(Data for analysis Opens)
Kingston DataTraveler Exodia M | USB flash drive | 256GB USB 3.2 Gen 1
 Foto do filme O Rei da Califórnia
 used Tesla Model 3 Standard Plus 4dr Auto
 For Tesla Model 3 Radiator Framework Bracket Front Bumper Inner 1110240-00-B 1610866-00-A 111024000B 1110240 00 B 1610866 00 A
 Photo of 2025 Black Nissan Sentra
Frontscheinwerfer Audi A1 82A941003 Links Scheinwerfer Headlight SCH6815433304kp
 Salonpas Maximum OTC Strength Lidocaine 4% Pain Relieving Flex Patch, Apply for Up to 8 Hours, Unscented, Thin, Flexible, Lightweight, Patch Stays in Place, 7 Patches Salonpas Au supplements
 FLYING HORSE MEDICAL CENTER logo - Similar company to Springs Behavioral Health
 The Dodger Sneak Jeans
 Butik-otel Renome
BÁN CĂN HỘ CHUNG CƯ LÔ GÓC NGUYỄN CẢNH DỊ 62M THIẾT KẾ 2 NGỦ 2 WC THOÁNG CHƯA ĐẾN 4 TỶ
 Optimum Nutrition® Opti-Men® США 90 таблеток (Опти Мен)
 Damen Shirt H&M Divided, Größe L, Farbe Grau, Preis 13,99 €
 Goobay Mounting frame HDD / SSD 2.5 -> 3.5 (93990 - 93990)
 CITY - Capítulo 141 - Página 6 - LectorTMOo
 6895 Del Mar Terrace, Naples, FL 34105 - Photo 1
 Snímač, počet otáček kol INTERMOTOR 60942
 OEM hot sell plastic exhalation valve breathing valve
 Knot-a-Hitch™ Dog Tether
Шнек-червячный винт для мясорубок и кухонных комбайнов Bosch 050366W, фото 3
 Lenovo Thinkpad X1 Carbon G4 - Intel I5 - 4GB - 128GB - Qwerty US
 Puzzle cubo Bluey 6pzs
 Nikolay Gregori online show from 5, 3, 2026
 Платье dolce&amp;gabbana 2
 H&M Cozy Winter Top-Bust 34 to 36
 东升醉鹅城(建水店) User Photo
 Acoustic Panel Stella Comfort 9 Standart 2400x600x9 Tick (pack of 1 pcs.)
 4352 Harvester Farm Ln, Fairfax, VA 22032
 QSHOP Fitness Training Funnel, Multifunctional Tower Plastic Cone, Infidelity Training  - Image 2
(Data for analysis Closes)
> _Problem_
In the listing above, find the line containing "6895 Del Mar"; that line and every line after it, through the last, are to be retyped exactly.

> _Answer to the problem_
 6895 Del Mar Terrace, Naples, FL 34105 - Photo 1
 Snímač, počet otáček kol INTERMOTOR 60942
 OEM hot sell plastic exhalation valve breathing valve
 Knot-a-Hitch™ Dog Tether
Шнек-червячный винт для мясорубок и кухонных комбайнов Bosch 050366W, фото 3
 Lenovo Thinkpad X1 Carbon G4 - Intel I5 - 4GB - 128GB - Qwerty US
 Puzzle cubo Bluey 6pzs
 Nikolay Gregori online show from 5, 3, 2026
 Платье dolce&amp;gabbana 2
 H&M Cozy Winter Top-Bust 34 to 36
 东升醉鹅城(建水店) User Photo
 Acoustic Panel Stella Comfort 9 Standart 2400x600x9 Tick (pack of 1 pcs.)
 4352 Harvester Farm Ln, Fairfax, VA 22032
 QSHOP Fitness Training Funnel, Multifunctional Tower Plastic Cone, Infidelity Training  - Image 2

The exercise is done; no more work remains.